Generative AI tools incur what I call a stochastic tax: their outputs are variable, sometimes unpredictably so. As statisticians, we are comfortable with variability. We understand variance, we measure it, we try to reduce it. Statistical quality control, acceptable defect rates, tolerance intervals: these are our tools. Nothing, including human judgment, is infallible. Humans are just as fallible as our AI partners. The real world is messy, nonlinear, nondeterministic, and always full of surprises. We plan for the worst, do our best, and continuously improve as we gain new knowledge. That is science.

The right approach is to match the problem with the right tool. Sometimes that means generative AI. Often it means something simpler.

What AI Changes (and What It Doesn’t)¶

AI does not change what we have been doing so much as it makes visible areas we may have been underinvesting in: documentation, governance, traceability, provenance of data and results, and evidence-based validation of pipeline integrity.

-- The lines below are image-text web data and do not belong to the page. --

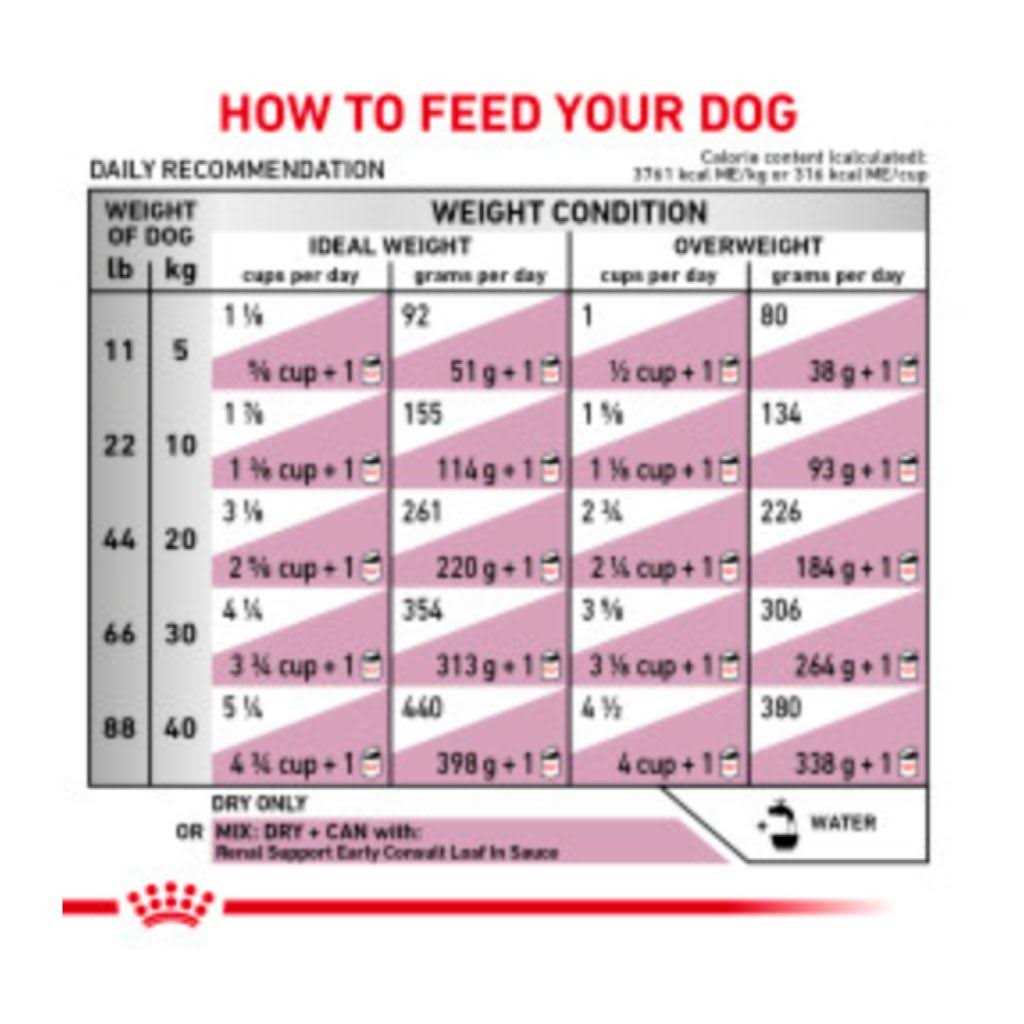 Veterinary Diet Canine Renal Support Dry Dog Food O737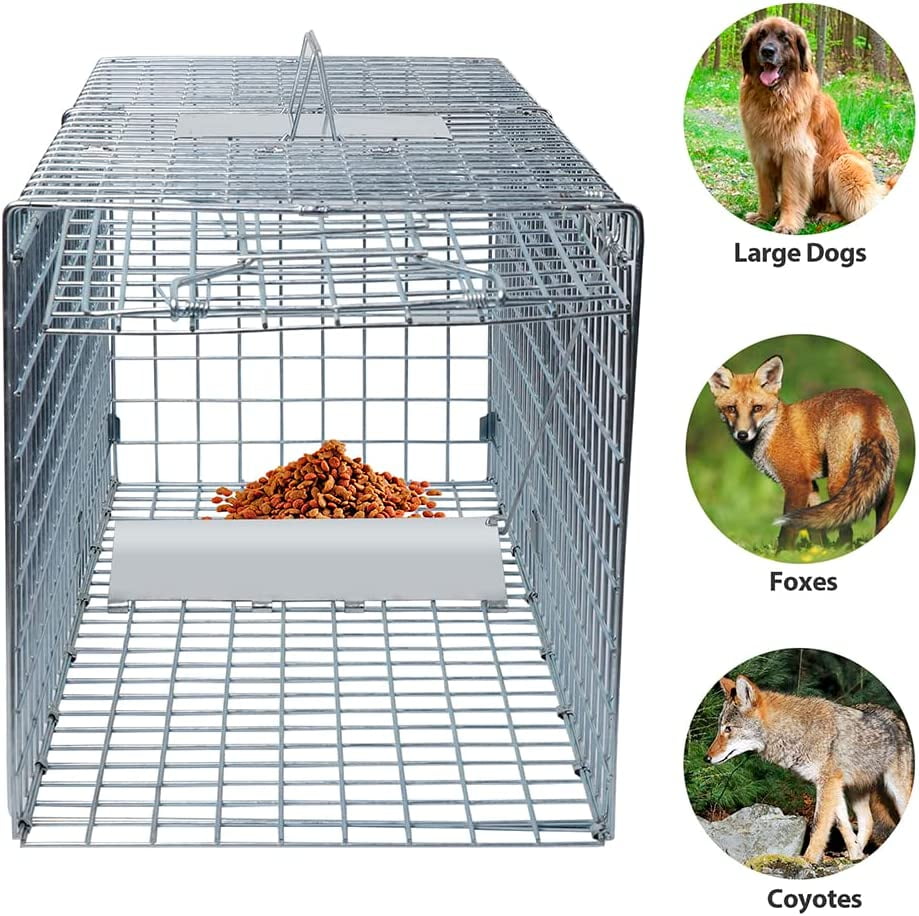 Wild Dog Control Dog Trap Fox Trap Large Cage Trap - China Dog Catch Items  and Dog Catching Equipment price
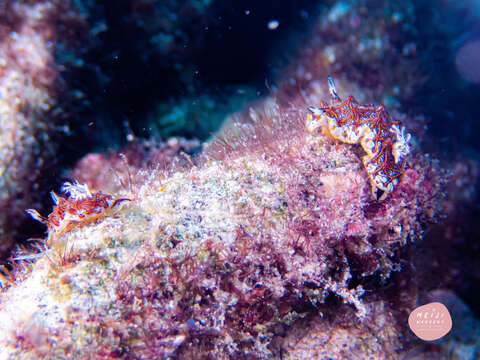 Image of Orange edged ridged black slug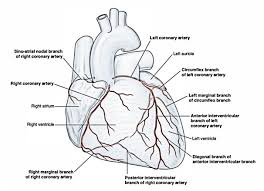 There is a diagonal artery that is a branch of the left coronary artery on the surface of the heart. Arterial Supply Of The Heart Right And Left Coronary Artery Earth S Lab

These are not new requirements. They are requirements that become acute when your research instrument has mutable internal state and can confabulate its own history. Knowing who is accountable and what policies apply before you touch AI, and understanding what could go wrong with your specific use case: these are not bureaucratic overhead. They are the foundation on which trustworthy AI-assisted work rests. Chapter 14 introduces the formal frameworks.

Chapter 15 introduces a formal framework for this problem: State Fidelity Validity. The question it answers is whether the AI pipeline you built last Tuesday still reflects what you decided last Tuesday, or whether something drifted between then and now.

On AI-Assisted Authoring¶

This book was written with the assistance of AI tools. The pedagogical decisions, domain adaptation, audience framing, original chapters, and all editorial judgments are mine. The AI did execution work: drafting, reformatting, code generation. I did the authoring: deciding what to teach, how to frame it, what to cut, what to write from scratch, and what to validate.

This is consistent with the book’s central argument: AI assists, humans decide.

Acknowledgments¶

The idea that domain experts need their own AI curriculum was inspired by Zhiling Zheng’s AI4CHEM course at Washington University in St. Louis.

Throughout my career, I have been continually humbled and inspired by the generosity of others: those who shared their knowledge, offered honest feedback, and walked with me for portions of this journey. There are too many to name individually, and attempting to do so would inevitably leave someone out. You know who you are, and I am grateful. The only way I know to truly show that gratitude is to give back. This work is one small attempt to do so.